Beside La Llobregat.

He had left the terracotta boots behind. The heavy, clay-caked feet of the solitary warrior were now just feet again, and the imprints they left in the mud were no longer a burden, but a testament to a quiet victory. With the last of the clay behind him, he moved up from the banks of the Llobregat, guided by the wild, yellow flowers of the fennel that grew along the path. The paw prints that had been a silent companion, a separate and solitary track through the terracotta, were a memory now, an ephemeral mark to be washed away by the next rain or buried by the relentless march of time.
This was the truth he had found: the unity of his own quiet sufficiency and the enduring will of the Earth. He had seen the future, a terrifying vision of a world that had consumed itself, leaving behind only the broken monuments to its own hubris. He had heard the nightingale, a song of hope that would outlast the asphalt, and he had felt the weight of a lineage that stretched back through the millennia, a spiritual connection to the Mesolithic hunters who had walked this very earth.

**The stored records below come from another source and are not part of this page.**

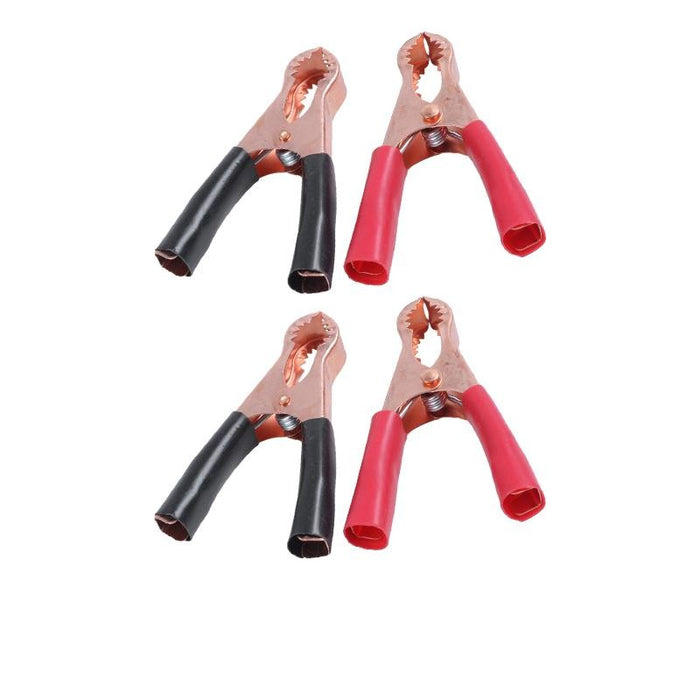4X Automotive Electrical Measuring Clips
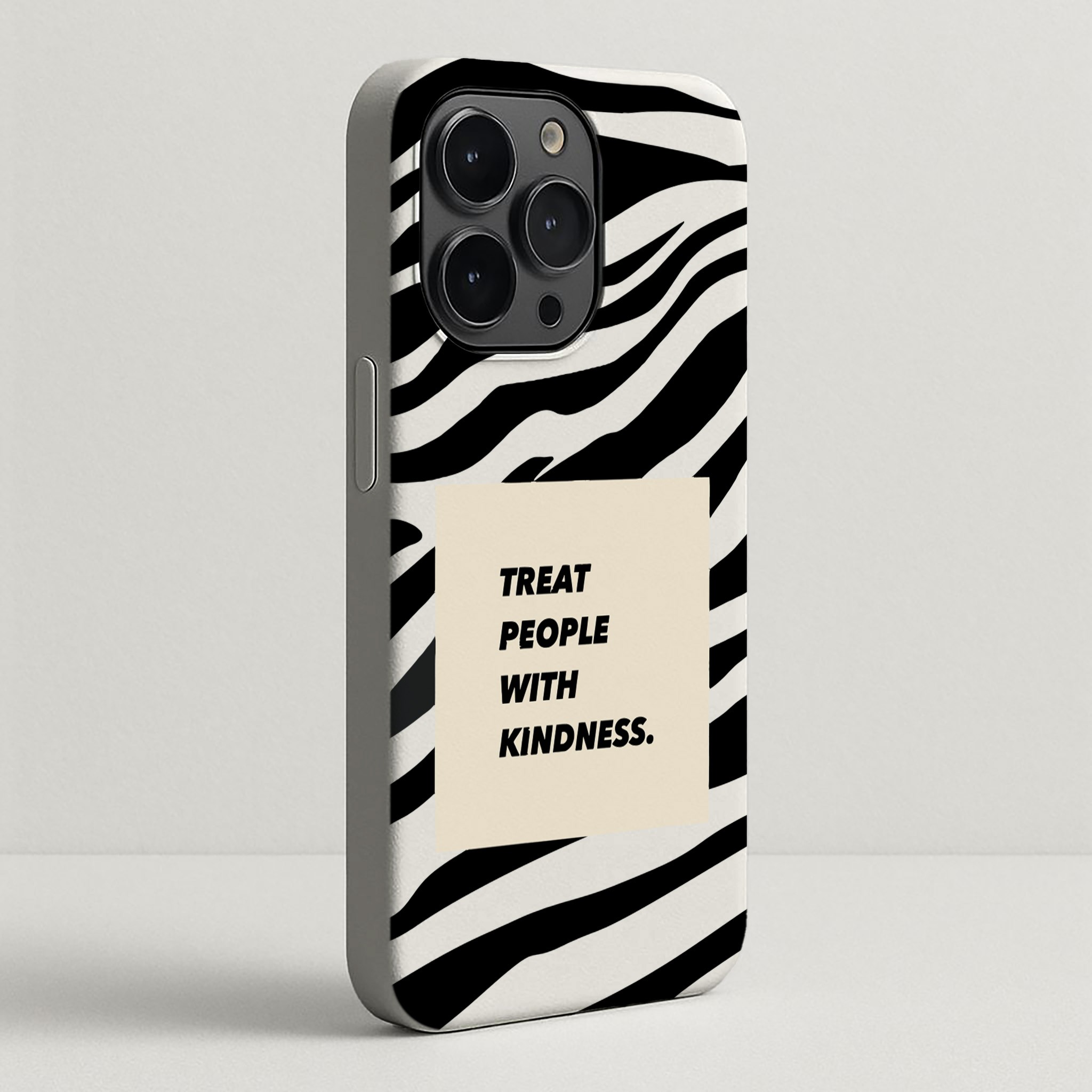 Zebra Kind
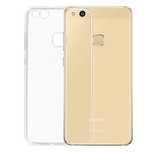 Futerał BACK CASE ULTRA SLIM 0,5 mm do HUAWEI P20 Lite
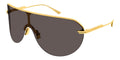 Bottega Veneta Long Ribbon BV1478S 003 - As Seen On Olivia Attwood & Jutta Leerdam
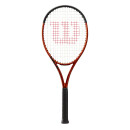 Wilson Burn 100S V5 Tennisschläger - Racket 18x16...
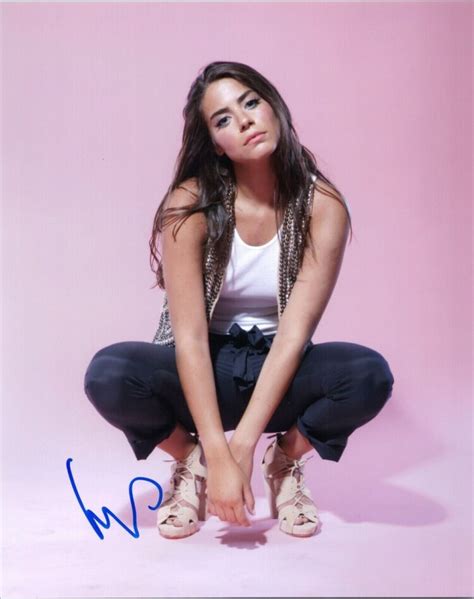 9 Hot New Lorenza Izzo Bikini Pics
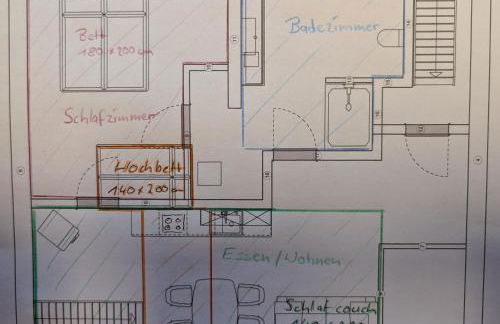Ferienwohnung Bleicher - Foto 3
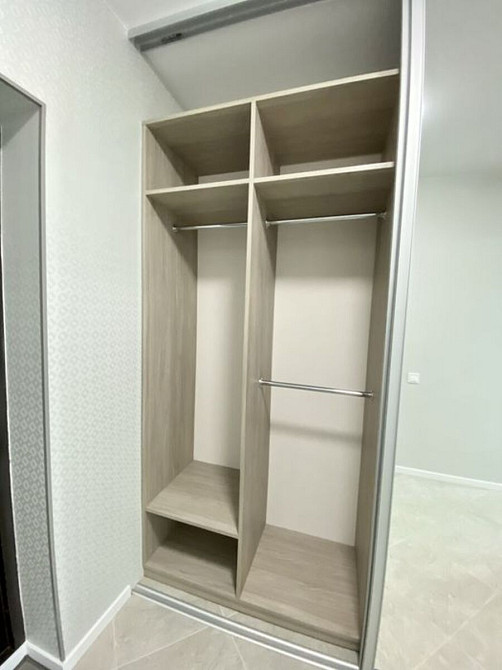 Оренда Квартира 1-кімнатна, 17/25 поверх на Гулака, 4 Київ - фото 16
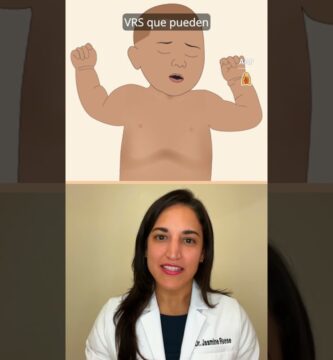 como saber si mi bebe tiene neumonia o bronquitis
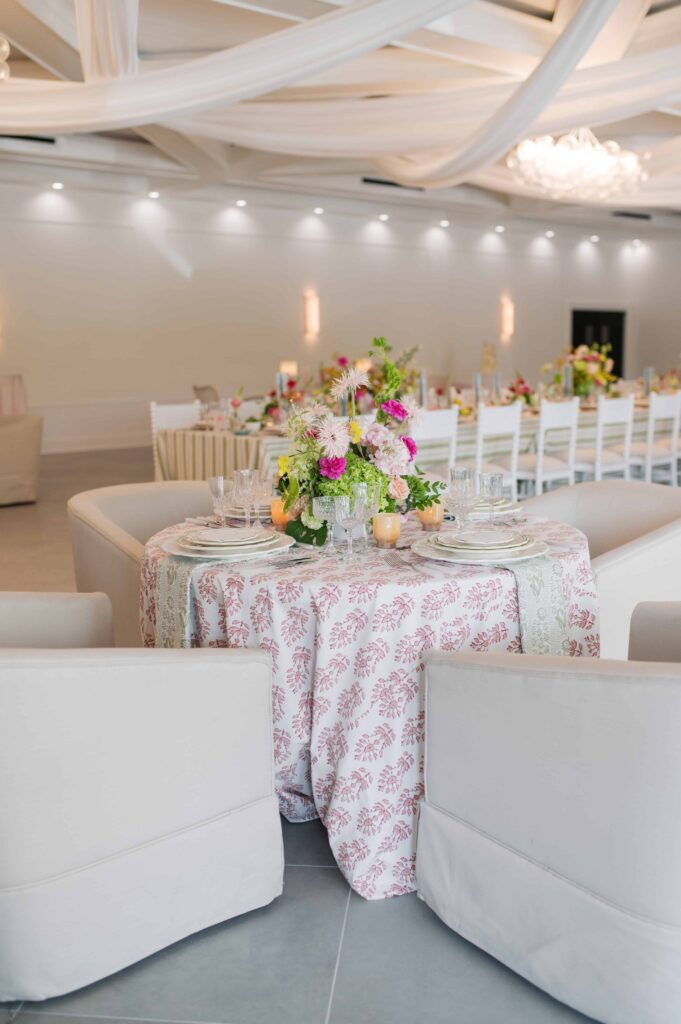 the waverly springtime soiree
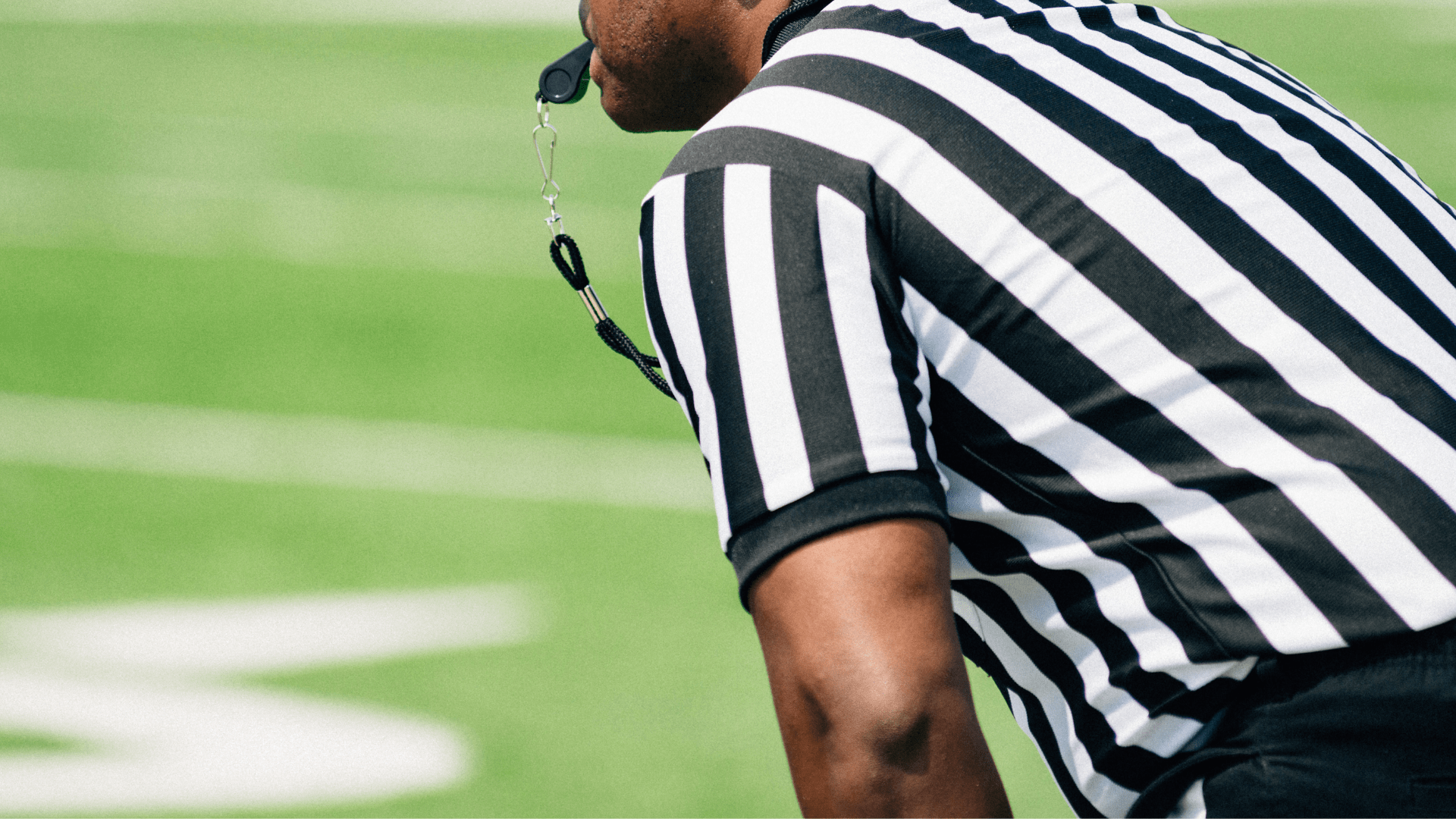 football-referee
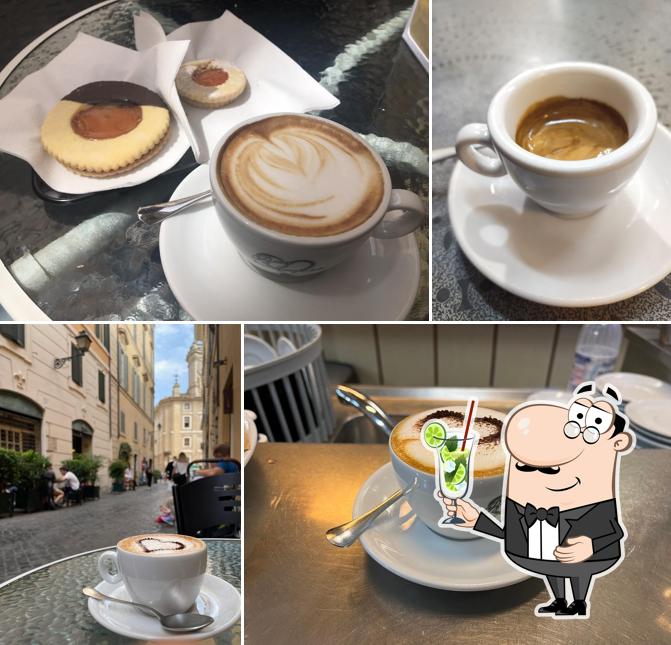 Bar Amore di Zucca Fabio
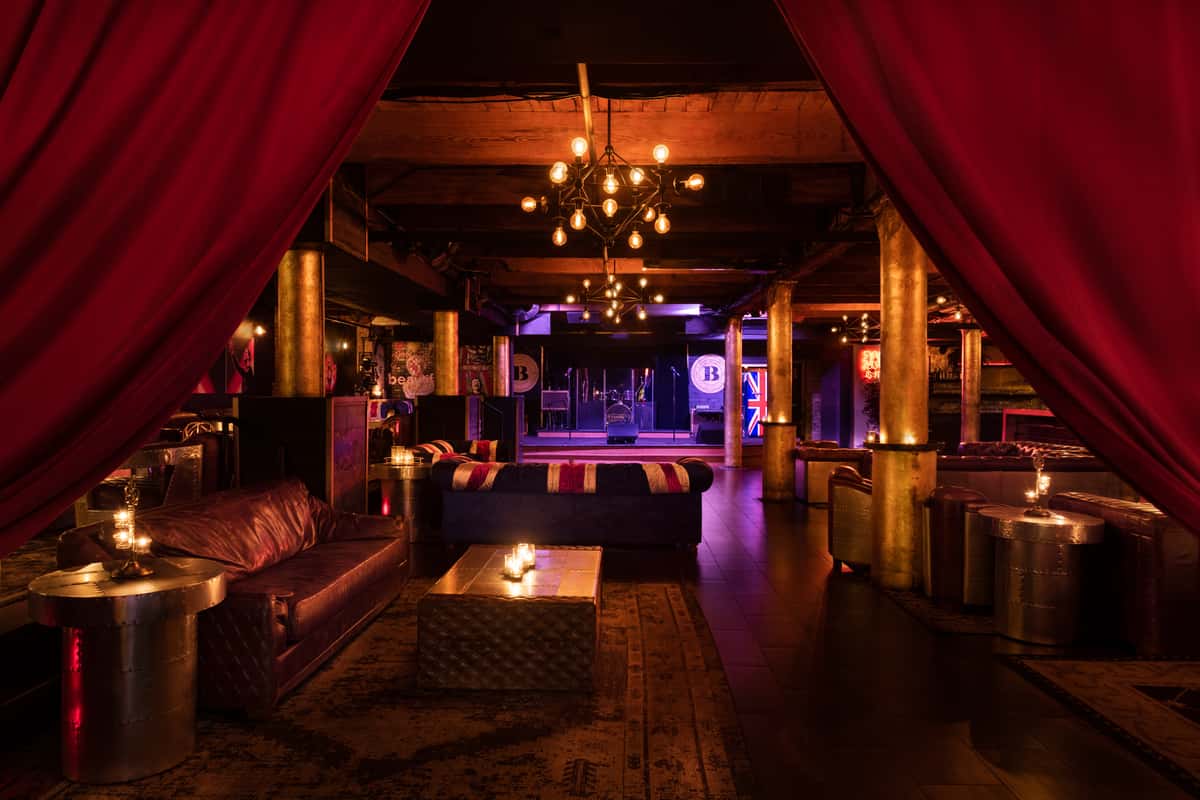 bassment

Now, as the bells of sheep and their answering bleats echoed from the valley, he knew the pilgrimage was not an escape from the world, but a way of moving through it. The journey was not about avoiding the noise and the chaos, but about finding a way to carry the quiet within him. As he approached Manresa, he was returning to the World, to the world of Cain. But he was no longer a part of it. He was a Son of Seth, a wanderer and a wonderer, who had found his place in a story that was both ancient and new. He was a living prayer that even after the World had passed away, the Earth, with its mud, its rivers, and its fennel, would endure.